Intel Gen 11 GT2 Specifications
|Gen9 GT2||Gen11 GT2||Xbox One|
|Single-precision FLOPS||384 FLOPS||1 TFLOPS||1.3 TFLOPS|
|Half-precision FLOPS||768 FLOPS||2 TFLOPS||2.6 TFLOPS|
|IMC configuration||2x 64-bit||4x 32-bit||8x 32-bit|
I’ve pulled these specs out of Intel’s table in their document and focused on the things that Critical Hit readers might be interested in. On paper, we’re looking at a big performance increase for Ice Lake’s graphics capability. GT2 is Intel’s codename for the mid-range configuration of the Gen 11 graphics you’ll find included in their processors, so a theoretical Core i3-109400 quad-core would launch with the Gen 11 GT2 configuration.
How much of a performance increase are we talking about? In just hardware alone, there’s 2.6x as many execution units, and 32-bit single-precision performance is at the 1 TFLOPS level. You can see how close it is on paper to the raw performance of Microsoft’s Xbox One console. It’s not that far off, is it? It’s also so close to AMD’s Radeon Vega 8 graphics that ship in their Ryzen 3 2200G, their cheapest quad-core APU, which has a 32-bit rating of 1.1 TFLOPS.

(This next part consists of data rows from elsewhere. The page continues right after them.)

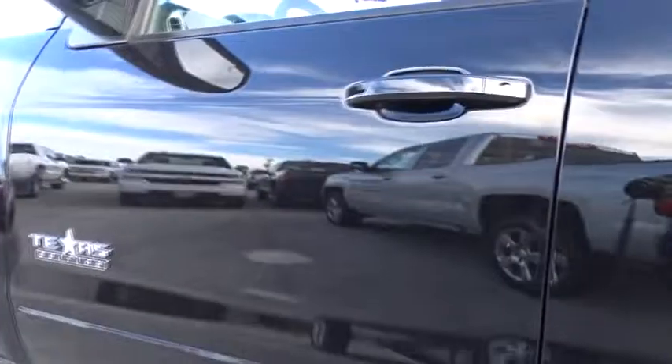A vehicle like this doesn't come along every day. Come in and get it before someone else does.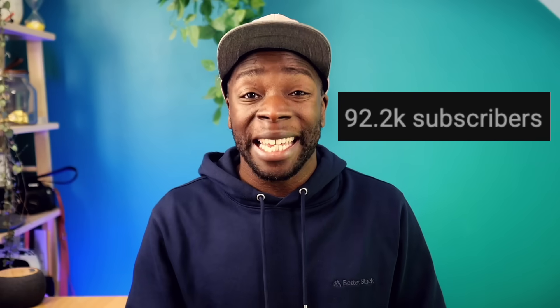You may have also noticed we're less than 10k away from hitting 100k subscribers, which is absolutely amazing. So if you haven't done so already, go ahead and hit that subscribe button.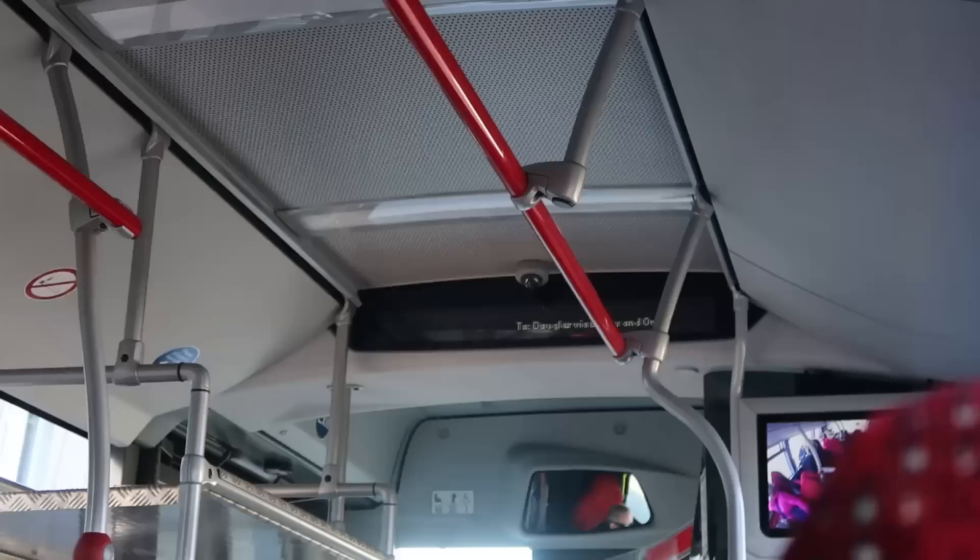The great thing about these buses is that they do have screens telling you what the next stop is, which is very helpful for people like us who have no idea when to get off.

Despite the fact that GT2 is reserved for Intel’s mid-range chips, this is a good sign for their Pentium and Celeron lineups. Those will start with at least half the Gen11 GT2 performance, which will be a big boost for Intel’s budget chips. That should be enough to match AMD’s GPU performance in the super-cheap Athlon 200E.
Intel has also improved the pixel performance which should make the experience using 4K displays much more palatable, and the L3 cache increases as well. The Achilles heel of the architecture, its primitive per clock rate, will be the deciding factor in how close Intel is able to come to AMD’s performance. This is a measure of how many triangles the GPU can draw in one clock cycle, and AMD can do four times as many on the GCN architecture. As a reminder, Gen11 is probably Intel’s last architecture to have this issue. Moving forward, Raja Koduri’s team will no doubt address those bottlenecks to improve performance.

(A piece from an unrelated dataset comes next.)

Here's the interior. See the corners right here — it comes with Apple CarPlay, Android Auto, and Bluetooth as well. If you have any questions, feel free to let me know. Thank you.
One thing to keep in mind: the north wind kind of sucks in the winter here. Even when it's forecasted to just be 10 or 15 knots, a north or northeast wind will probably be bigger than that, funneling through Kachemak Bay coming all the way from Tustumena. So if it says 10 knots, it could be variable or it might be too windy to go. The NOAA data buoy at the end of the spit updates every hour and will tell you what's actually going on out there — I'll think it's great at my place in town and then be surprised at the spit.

Where Intel will beat AMD is likely in idle power consumption and memory bandwidth. The separation of the memory controllers into four 32-bit units will mean that Intel can power-gate unused memory controllers when on battery power, and improved DDR4 and LP-DDR4 support means they can take advantage of faster memory kits above 2400MHz.
Feature-wise, Gen 11 will have some new tricks up its sleeve to save performance and hopefully give it an edge over AMD’s GPUs. The first is a new feature supported in hardware called Coarse Pixel Shading (CPS). The technique is similar to variable rate shading which is a part of Direct3D 12 and already support on Nvidia’s Turing graphics cards, but there are fundamental differences.

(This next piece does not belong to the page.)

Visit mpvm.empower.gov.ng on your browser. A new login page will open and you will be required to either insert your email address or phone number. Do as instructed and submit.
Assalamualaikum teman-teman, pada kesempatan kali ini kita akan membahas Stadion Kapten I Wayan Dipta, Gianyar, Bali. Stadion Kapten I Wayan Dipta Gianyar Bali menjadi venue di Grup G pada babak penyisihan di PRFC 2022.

Variable rate shading is an attribute that developers add to their shaders when building an object to tell the GPU that a particular object or part of the display doesn’t need to have the same amount of detail all over. Parts of the object that have no change in the texture or any additional detail (or are moving too quickly to have additional detail) don’t have to be rendered in high quality, which saves the GPU from doing additional work that isn’t necessary.
CPS works like that, but it doesn’t have to be done by developers manually. The feature is implemented as an API in games which can be retrofitted, and will reduce the resolution of parts of an image that are either too far away, or not immediately within the player’s near-field of view. Intel has a list of scenarios where it would be best used, but the three primary ones are: objects at a distance from the camera; objects in motion; and objects behind a blurring effect. Instead of rendering those objects at a high fidelity, the shaders are sampled to see if there are shaders which are executed more than once, and the results of those are re-used to build the 3D object in-game rather than re-do all that work multiple times. The performance increase may be small, but the power savings may be much larger.
Gen 11 also supports Intel’s implementation of VESA Adaptive-Sync to support variable refresh rates in monitors, as well as hardware support for panel self-refresh (PSR). PSR has been working on Intel’s hardware for more than a decade and was first demoed on a system in 2008, but displays that supported self-refresh technology weren’t widely available back then. Most of them only appeared in mobile phones and tablets (Nokia, primarily), where the options for saving power were much more limited. In Intel’s bid to save more power on laptops, support for PSR and variable refresh rates will see displays drop as low as 24Hz for video content, with power draws as low as one watt.
Intel’s Ice Lake family is expected to launch first in mobile form factors in late 2019. It will be the company’s first mass-market chip family produced on their 10nm production process, and will bring with it increases raw GPU performance.
Last Updated: March 26, 2019